三葉 そこで、依存症リハビリセンターの出番です。彼女はカウンセリングや勉強会を通じて、「生活に必要なものと、不必要なものを区別することの重要さ」「区別するコツ」「区別に失敗したって大丈夫」といったことを学んでいく。また、他の入所者との絆も深まっていく。
嘉村 ふむふむ。
三葉 彼女は次第に成長し、やがて退所日を迎えます。……が、現実は厳しい。退所者の多くはすぐに元の生活に戻り、日を置かずして再びセンターに入所することになるという。
嘉村 アルコールにしろドラッグにしろ、依存症から脱するのは本当に大変みたいですよねぇ……。
三葉 では、我らが主人公は?彼女はどうなってしまうのでしょうか?またゴミ屋敷を作ってしまうのでしょうか?……退所後、彼女は自宅に戻る。家はすっかり片づいている。彼女は何やら落ち着かない。

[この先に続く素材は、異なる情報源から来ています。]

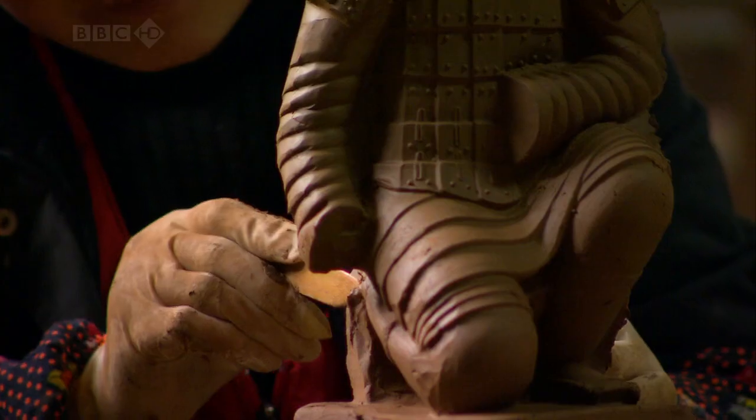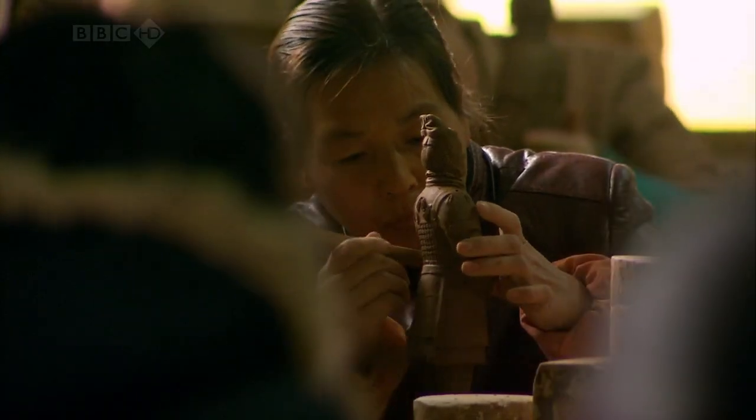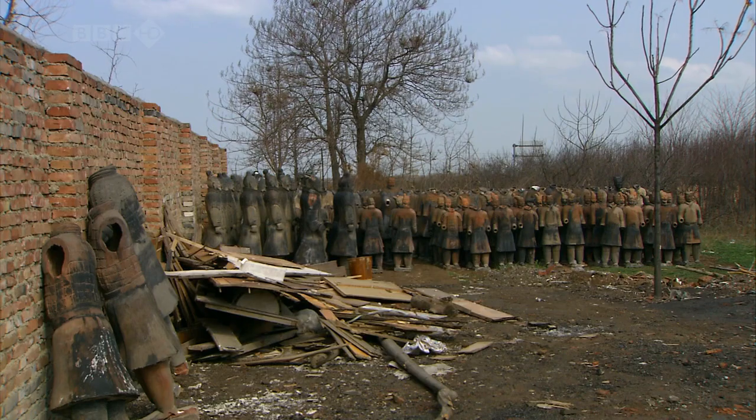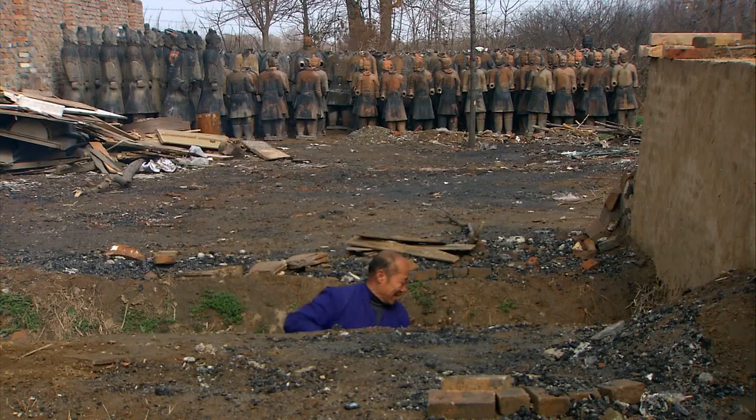Just as these replicas are individually finished by hand, so were the original terracotta warriors. The full-size figures take a week to be fired in a giant walk-in kiln.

嘉村 あー……長らく、大量のモノに囲まれて暮らしてきたから。
三葉 そうですね。
嘉村 ふむ……。
三葉 彼女の額にじんわりと汗がにじむ。カバンからペットボトルのお茶を取り出し、飲み干す。彼女の手には、空のペットボトルが残る。彼女はしばらくそれを見つめ…….。
嘉村 あー……。
三葉 ゴミ箱に捨てる。
嘉村 おー!
三葉 彼女がこの先どうなるかわかりません。上述の通り、依存症から脱するのはそう容易いことではない。しかし!彼女は自分の意志でゴミを捨てた。彼女の未来には希望が持てそうだ……というところで、物語は幕を閉じます。
嘉村 ふむふむ。
三葉 それでは最後に、以上のストーリーを「28DAYS」と比較してみましょう。
※補足:以下は、ゴミ屋敷をテーマにしたマンガ「ヤナギダクリーク」を分析した記事です。よろしければ、合わせてご覧ください。
案②
嘉村 続いて、「案②」にまいりましょう。
三葉 はい。「案②」は、「『28DAYS』 ~『断捨離依存症』編」です。
嘉村 断捨離依存症……?
三葉 ええ。「断捨離」をご存知の方は多いと思います。「不要なモノを捨て、モノに対する執着から離れよう」という思想・行動のことですが……。
嘉村 ええ。
三葉 断捨離依存症は、「とにかく何でも捨ててしまう!捨てに捨てまくる!捨てることが快感!捨てるものがなくなるとムシャクシャする!……で、日常生活に支障が出ること」です。
嘉村 ほぉ。
三葉 「案②」の主人公は、この断捨離依存症に陥っている。
嘉村 ふむ。
三葉 まずは、「28DAYS」との比較表をご覧ください。
三葉 ストーリーのアウトラインは、「28DAYS」や「案①」と同じです。すなわち……主人公は断捨離依存症者で、とあることをきっかけに依存症リハビリセンターに入所することになる。ところが彼女には、「自分が依存症で、治療が必要」という自覚がない。したがって、真面目に「治療」を受けず、さらに他の入所者を小バカにするなどトラブルを起こす。
嘉村 ふむ。
三葉 しかしふとしたことから「自分が普通ではない」と自覚し、「回復」への道を歩き出す……という物語ですね。
嘉村 なるほど。
三葉 ところで……この断捨離依存症が、上述の「強迫的ホーディング」と表裏一体の関係にあるということにお気づきになったでしょうか?
嘉村 表裏一体……どういうことです?
三葉 先ほど、「モノを捨てることに慎重になる → 生きづらくなる → 『すべてとっておく』というルールを作ることで解決する」、それが強迫的ホーディングであるとご説明しました。
嘉村 ええ。
三葉 一方同じ境遇でも、「すべてとっておく」ではなく「すべて捨てる」というルールを作ることで対処することもできますよね。それが、断捨離依存症だと言えるでしょう。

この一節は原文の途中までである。